For a country that is heavily dependent on exports, the realization of a low-cost production is important. Overall, the Dutch pork system is strongly oriented towards cost-efficiency [35]. Intensive production systems are dominant in the Netherlands. More than 90% of the output is produced by farms with herd sizes exceeding 400 pigs. The largest slaughterhouse, VION, accounts for more than 70% of the market. Farmer cooperatives play an important role in the pork sector—VION is fully owned by farmer cooperatives—although they are not involved in its day-to-day business operations. With regard to retailer concentration in the market, the five largest retailers hold market shares of up to 80% [23,36]. Special regional products account for a small amount of market share in this country.

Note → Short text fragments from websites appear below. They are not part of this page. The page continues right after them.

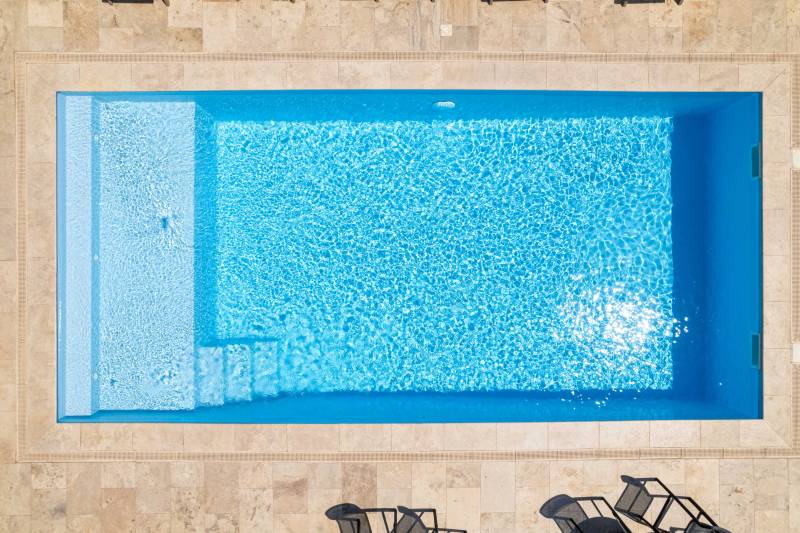 PISCINE COQUE POLYESTER AVEC PLAGE MODÈLE SAMOA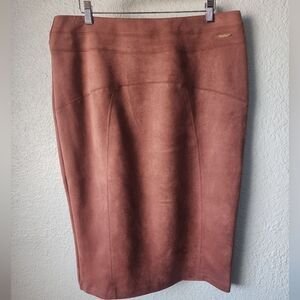 ANDREW MARC faux suede  Pencil Skirt full control waistband maeve color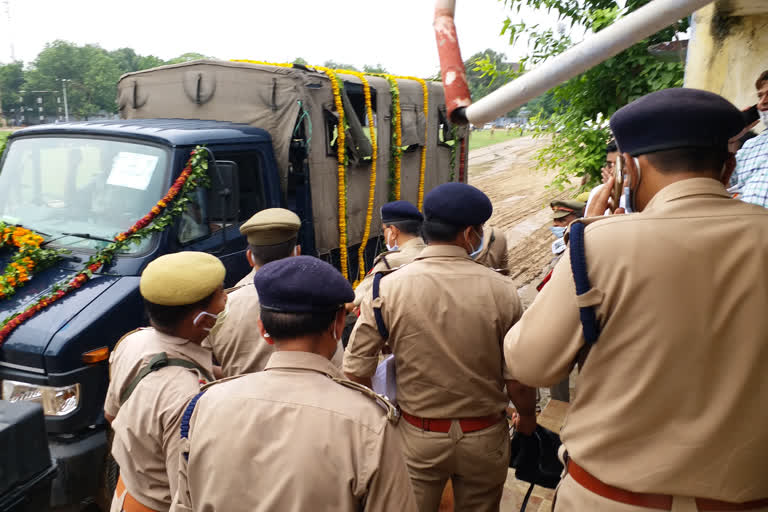 martyrs bodies brought to Police lines of kanpur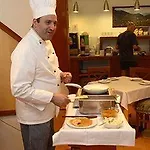 Due Torri فندق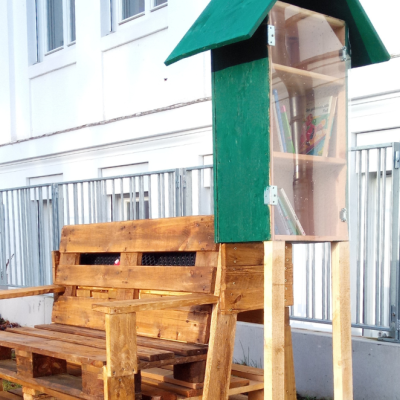 A mobile bench and bookshelf created by school children in Bremen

Any changes in the industry are likely to involve a preference for options that optimize cost-efficiency with outstanding production quality.
The Netherlands was one of the first countries to start looking for alternatives to pig castration due to ethical reasons. In 2000, a working group consisting of stakeholders from NGOs, veterinarians, and the industry was established to investigate the issue. The working group searched and validated all existing alternatives. Based on the results of their investigation, the stakeholders adopted the “Noordwijk Declaration” in 2007, in which they agreed to abandon the practice of castration without pain relief. Any pigs that are castrated receive general anesthesia involving the inhalation of carbon dioxide, which is commonly used for pre-slaughter stunning though it produces strong aversion (irritation and asphyxia) in pigs before they lose consciousness, The production of entire males increased rapidly after the adoption of the declaration. A study conducted in 2016 reported that the percentage of pigs produced as entire males had reached as high as 60%. At present, all large Dutch retailers sell fresh pork that has at least one star in the Beter Leven (Better Life) certification system, which explicitly specifies uncastrated pigs as a minimum requirement.
The Netherlands is one of several countries that have approached piglet castration as an animal-welfare issue and have made early efforts to resolve it. The 2007 Noordwijk Declaration, which was intended to improve animal welfare, states the ambition to ban the castration of male piglets by 2015. After more than 20 years of development, the issue of castration has been relatively settled with the solution of raising entire males. As confirmed by an active farmer representative:
We did research to look for all possible solutions. We agreed that raising entire males was the best option for us since the Noordwijk Declaration. (NL-FM)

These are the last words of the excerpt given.